Akcja detektywa Rutkowskiego w klubie Hawana

Mało brakowało, a popularny kielecki klub Hawana zostałby w poniedziałek zamknięty. Przez kilka godzin wejścia pilnowało kilkunastu pracowników biura detektywistycznego posła Krzysztofa Rutkowskiego i firmy ochroniarskiej Argos, a cały budynek ogrodzono taśmą. Dlaczego?Rutkowskiego poprosiła o pomoc spółka Dekom, właściciel budynku, w którym mieści się klub. Jak tłumaczył jej wiceprezes Arkadiusz Kosecki, dzierżawca lokalu od kilku miesięcy zalegał za czynsz i media. W sumie uzbierało się ponad 150 tys. zł długów. – W kilku pismach wzywaliśmy do zapłaty, a na początku listopada zdecydowaliśmy się wypowiedzieć umowę – mówi Kosecki.

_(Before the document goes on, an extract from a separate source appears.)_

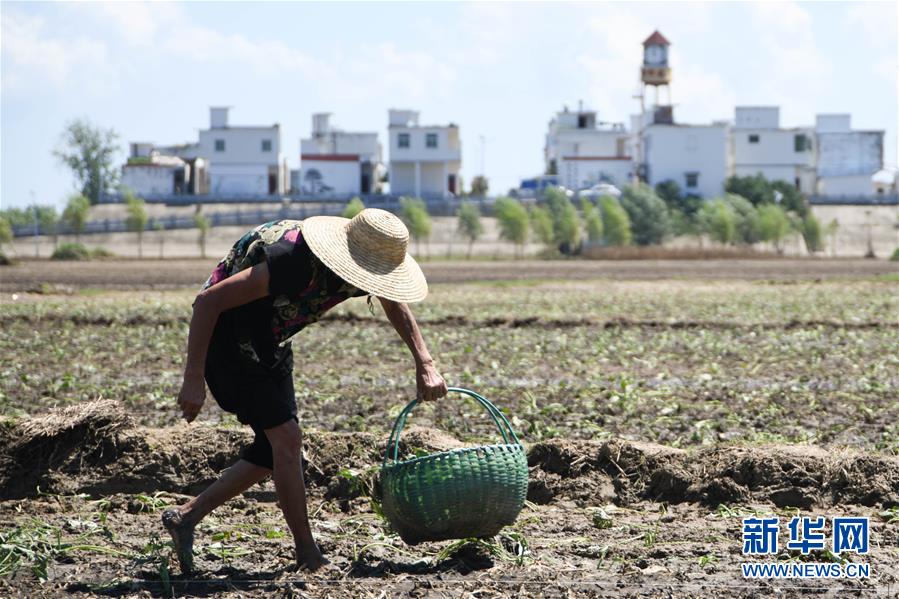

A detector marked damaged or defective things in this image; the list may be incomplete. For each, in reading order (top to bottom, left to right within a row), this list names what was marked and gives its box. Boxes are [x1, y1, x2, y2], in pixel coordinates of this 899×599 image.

flood-damaged field [0, 264, 896, 599] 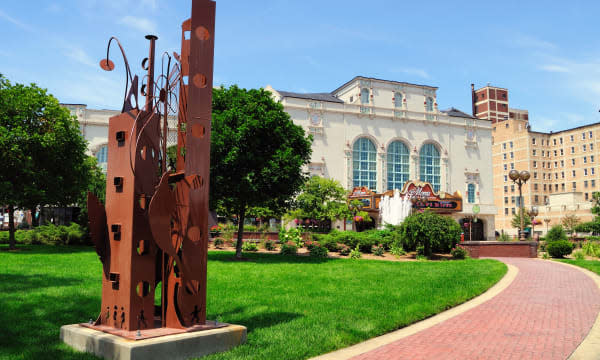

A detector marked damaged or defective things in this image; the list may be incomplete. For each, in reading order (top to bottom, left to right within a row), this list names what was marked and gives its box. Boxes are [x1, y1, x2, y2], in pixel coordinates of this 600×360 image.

rusted metal sculpture [83, 0, 217, 340]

Wczoraj właściciel miał przejąć lokal, a wyposażenie zająć na poczet należności. Po godz. 10 do akcji wkroczył Rutkowski i zapowiedział, że wezwał policję i będzie zajmował lokal. Przed drzwiami stanęli uzbrojeni pracownicy jego biura i firmy ochroniarskiej Argos – w sumie 20 osób. Budynek otoczono taśmą.

Dzierżawca Bogusław Marcinkowski uznał działanie Rutkowskiego za nielegalne. – Kto panu powiedział, że nie płacę czynszu? Płacę z opóźnieniem – tłumaczył się.

Policja przyjechała po 30 minutach, gdy zaczęto przewiercać zamki w drzwiach Hawany. Funkcjonariusz kazał robotnikowi przerwać pracę. – Proszę nie wkraczać siłą, dopóki nie będzie tytułu wykonawczego sądu – zapowiedział detektywowi.

– Boi się pan podjąć decyzję i ośmiesza urząd policji – zareagował Rutkowski i zapowiedział: – Nie sforsujemy drzwi, ale zostawiam tu moich ludzi, do lokalu nie wejdzie nikt.

W efekcie przez kilka godzin Hawana była zamknięta. Wokół zgromadziły się tłumy gapiów.

Sprawa rozwiązała się po kilku godzinach. Właściciel dogadał się z dzierżawcą, który zapowiedział, że zwróci mu część pieniędzy. Ustalono też nowe warunki wynajmu.